Dubbed the “Prima Ballerina of the World” and the “Pearl of the Orient,” Yoko Morishita was the first Japanese ballet dancer to flourish on the international scene. Her style, characterized by a sense of compressed passion that belies her 150 cm height, is greatly admired both in Japan and overseas.
She started to study ballet at the age of three and entered the Matsuyama Ballet Company in 1971. After she won the Gold Medal at the 1974 Varna International Ballet Competition, she made many guest appearances with leading ballet companies around the world and was the first Japanese ballet dancer to make an appearance in the Paris Opera.
She danced with Rudolf Nureyev more than 200 times, including a memorable performance for Britain’s Queen Elizabeth’s Silver Jubilee in 1977. She also provided inspiration for choreographer Maurice Béjart who created the successful piece, Light
Morishita has received many awards including the prestigious Laurence Olivier Award in 1985, and in most cases, she has also been the youngest person to receive the award in question.

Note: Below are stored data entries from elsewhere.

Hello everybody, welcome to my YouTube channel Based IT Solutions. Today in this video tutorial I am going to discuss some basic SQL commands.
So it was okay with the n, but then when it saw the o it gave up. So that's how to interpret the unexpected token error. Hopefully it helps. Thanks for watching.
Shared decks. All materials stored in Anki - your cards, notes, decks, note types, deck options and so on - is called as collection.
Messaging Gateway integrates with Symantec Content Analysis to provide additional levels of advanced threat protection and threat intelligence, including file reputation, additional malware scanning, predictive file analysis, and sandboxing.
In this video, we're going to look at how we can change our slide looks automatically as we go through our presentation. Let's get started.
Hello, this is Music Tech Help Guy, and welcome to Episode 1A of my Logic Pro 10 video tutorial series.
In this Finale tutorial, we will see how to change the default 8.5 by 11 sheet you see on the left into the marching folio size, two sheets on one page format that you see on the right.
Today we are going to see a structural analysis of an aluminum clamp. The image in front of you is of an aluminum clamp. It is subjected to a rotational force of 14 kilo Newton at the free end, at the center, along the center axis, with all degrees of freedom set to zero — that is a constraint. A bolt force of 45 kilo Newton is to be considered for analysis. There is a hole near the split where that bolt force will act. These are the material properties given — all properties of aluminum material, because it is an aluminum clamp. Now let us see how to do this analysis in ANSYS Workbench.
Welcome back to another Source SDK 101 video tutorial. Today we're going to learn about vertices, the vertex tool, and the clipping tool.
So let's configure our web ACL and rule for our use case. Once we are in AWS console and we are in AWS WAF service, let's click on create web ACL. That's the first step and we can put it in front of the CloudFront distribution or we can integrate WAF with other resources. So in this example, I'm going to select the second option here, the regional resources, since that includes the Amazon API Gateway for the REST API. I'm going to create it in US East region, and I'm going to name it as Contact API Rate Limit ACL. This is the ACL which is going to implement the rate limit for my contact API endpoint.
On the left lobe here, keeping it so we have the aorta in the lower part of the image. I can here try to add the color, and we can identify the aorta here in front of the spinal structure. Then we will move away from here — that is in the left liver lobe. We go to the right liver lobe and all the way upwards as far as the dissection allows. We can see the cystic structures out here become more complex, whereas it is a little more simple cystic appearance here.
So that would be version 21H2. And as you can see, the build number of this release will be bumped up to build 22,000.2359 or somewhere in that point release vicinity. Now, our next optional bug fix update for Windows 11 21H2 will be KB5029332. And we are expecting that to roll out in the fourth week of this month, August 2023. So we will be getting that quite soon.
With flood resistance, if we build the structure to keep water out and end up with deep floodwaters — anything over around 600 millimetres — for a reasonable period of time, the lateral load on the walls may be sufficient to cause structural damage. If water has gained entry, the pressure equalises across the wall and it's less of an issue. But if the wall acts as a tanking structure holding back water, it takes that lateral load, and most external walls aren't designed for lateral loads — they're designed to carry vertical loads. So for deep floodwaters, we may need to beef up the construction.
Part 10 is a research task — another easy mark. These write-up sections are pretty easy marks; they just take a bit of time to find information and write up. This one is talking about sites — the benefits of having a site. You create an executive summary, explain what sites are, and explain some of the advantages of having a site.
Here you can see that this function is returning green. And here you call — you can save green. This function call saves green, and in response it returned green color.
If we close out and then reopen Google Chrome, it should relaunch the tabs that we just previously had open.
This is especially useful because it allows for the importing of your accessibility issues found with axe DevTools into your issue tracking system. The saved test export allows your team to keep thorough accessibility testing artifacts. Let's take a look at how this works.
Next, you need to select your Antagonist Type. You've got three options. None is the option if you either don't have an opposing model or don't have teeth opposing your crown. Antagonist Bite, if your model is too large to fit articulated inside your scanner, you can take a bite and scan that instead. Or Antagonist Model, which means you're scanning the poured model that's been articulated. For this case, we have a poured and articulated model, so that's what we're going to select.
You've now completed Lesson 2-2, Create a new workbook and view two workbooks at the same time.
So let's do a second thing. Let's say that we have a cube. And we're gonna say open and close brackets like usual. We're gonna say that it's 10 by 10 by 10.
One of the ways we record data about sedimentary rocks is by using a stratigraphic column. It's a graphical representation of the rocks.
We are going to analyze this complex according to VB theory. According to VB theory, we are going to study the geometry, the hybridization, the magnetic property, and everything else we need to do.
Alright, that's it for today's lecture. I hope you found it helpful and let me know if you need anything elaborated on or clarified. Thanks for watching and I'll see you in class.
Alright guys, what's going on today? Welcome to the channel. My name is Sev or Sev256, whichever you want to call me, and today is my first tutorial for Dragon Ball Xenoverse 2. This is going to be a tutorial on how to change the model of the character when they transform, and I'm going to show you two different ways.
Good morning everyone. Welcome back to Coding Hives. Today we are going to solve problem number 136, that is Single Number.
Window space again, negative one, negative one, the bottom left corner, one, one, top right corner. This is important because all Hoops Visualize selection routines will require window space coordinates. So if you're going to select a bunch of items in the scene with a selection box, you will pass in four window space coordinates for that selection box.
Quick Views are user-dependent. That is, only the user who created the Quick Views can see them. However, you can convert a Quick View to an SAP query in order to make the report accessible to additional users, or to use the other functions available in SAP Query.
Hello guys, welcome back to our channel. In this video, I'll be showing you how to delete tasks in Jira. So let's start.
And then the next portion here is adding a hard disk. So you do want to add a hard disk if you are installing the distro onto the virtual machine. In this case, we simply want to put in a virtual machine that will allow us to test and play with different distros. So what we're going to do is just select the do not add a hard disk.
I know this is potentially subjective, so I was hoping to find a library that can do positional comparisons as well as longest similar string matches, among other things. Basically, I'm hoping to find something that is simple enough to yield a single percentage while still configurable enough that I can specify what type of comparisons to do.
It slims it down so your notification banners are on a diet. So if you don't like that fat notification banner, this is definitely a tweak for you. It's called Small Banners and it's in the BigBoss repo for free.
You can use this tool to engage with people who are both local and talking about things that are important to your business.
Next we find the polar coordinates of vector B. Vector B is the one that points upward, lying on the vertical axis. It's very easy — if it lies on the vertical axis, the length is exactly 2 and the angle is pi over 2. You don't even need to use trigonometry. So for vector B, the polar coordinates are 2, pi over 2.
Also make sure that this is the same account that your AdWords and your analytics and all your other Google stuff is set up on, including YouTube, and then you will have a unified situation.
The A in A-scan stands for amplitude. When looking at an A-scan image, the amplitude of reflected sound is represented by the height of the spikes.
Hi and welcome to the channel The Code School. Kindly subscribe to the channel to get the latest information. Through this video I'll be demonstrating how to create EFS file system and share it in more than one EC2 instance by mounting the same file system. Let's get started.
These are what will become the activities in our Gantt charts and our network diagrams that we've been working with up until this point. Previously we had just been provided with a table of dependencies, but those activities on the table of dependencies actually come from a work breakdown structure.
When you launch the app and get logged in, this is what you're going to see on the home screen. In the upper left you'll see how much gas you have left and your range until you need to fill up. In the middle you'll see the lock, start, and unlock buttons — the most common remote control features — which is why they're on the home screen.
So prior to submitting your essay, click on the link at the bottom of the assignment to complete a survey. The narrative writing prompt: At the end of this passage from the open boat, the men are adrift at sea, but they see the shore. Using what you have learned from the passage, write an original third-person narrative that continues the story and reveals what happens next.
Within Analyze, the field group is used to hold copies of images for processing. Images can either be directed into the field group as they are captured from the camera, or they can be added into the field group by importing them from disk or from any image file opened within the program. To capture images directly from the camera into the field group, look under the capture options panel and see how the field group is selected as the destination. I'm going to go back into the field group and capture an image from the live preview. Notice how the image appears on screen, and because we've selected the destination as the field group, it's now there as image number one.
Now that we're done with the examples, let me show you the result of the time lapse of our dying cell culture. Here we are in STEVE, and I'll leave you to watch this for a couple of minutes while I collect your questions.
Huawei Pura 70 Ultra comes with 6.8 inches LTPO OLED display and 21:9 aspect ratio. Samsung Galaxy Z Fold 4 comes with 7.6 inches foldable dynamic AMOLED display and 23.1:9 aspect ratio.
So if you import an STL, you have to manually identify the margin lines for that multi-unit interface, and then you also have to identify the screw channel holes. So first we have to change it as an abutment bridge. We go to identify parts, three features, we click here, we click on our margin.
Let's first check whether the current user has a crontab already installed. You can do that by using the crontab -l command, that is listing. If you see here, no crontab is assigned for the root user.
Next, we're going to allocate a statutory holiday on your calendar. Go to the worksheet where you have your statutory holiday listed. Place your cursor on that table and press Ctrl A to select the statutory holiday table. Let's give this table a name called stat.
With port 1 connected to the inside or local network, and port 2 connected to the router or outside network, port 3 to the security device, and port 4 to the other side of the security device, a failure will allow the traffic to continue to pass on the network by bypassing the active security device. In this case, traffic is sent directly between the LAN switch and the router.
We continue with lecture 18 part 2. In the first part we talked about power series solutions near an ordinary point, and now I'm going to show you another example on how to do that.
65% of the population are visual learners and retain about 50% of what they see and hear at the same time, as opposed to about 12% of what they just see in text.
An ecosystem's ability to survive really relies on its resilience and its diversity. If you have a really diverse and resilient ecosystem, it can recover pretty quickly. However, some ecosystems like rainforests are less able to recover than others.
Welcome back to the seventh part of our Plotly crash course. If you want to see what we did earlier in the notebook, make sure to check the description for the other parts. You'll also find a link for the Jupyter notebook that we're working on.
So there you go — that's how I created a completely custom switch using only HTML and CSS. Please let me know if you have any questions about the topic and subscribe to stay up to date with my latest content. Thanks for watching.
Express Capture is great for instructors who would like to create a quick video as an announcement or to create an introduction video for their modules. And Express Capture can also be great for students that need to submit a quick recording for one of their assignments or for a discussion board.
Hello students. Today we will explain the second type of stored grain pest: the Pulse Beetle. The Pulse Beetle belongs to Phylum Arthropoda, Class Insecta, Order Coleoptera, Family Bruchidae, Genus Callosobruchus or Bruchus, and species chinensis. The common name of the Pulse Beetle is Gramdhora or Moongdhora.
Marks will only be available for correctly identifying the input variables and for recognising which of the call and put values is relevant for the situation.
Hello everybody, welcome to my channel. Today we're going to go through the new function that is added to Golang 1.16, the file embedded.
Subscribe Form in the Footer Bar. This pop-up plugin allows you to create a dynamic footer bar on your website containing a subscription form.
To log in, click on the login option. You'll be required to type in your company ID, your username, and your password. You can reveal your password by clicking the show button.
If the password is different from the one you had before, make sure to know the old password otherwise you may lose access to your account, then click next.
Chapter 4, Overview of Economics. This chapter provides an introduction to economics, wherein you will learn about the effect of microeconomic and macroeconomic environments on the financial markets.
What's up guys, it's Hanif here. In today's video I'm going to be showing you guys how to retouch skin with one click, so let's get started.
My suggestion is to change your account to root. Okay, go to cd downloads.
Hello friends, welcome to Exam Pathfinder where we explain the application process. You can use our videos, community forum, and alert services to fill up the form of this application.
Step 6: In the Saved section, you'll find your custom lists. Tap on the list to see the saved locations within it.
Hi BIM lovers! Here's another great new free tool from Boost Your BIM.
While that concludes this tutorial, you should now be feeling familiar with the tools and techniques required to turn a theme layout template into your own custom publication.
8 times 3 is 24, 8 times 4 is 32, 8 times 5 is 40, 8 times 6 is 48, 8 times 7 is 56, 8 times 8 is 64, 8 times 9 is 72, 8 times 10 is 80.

Even after 61 years of dancing career, she still practices 5 hours every day, honing her skill as an active prima ballerina, concentrating on Swan Lake
and other classical works.
Dubbed the “Prima Ballerina of the World” and the “Pearl of the Orient,” Yoko Morishita was the first Japanese ballet dancer to flourish on the international scene and is one of the great pioneers of ballet in Japan. Even after 61 years of dancing, she still keeps her position as an active prima ballerina, honing her skills every day and striving to improve her performances for her highly acclaimed interpretation of Swan Lake’s Odette/Odile
and other classical roles.
She was born in Hiroshima just after the Second World War and started ballet at the age of three. When she was 12 years old, she joined the Tachibana Ballet School in Tokyo and later, the Matsuyama Ballet Company. In 1974 she participated in the prestigious Varna International Ballet Competition with her husband-to-be, Tetsutaro Shimizu, and became the first Japanese dancer to win the Gold Medal. “This was an important turning point for me,” she recalls.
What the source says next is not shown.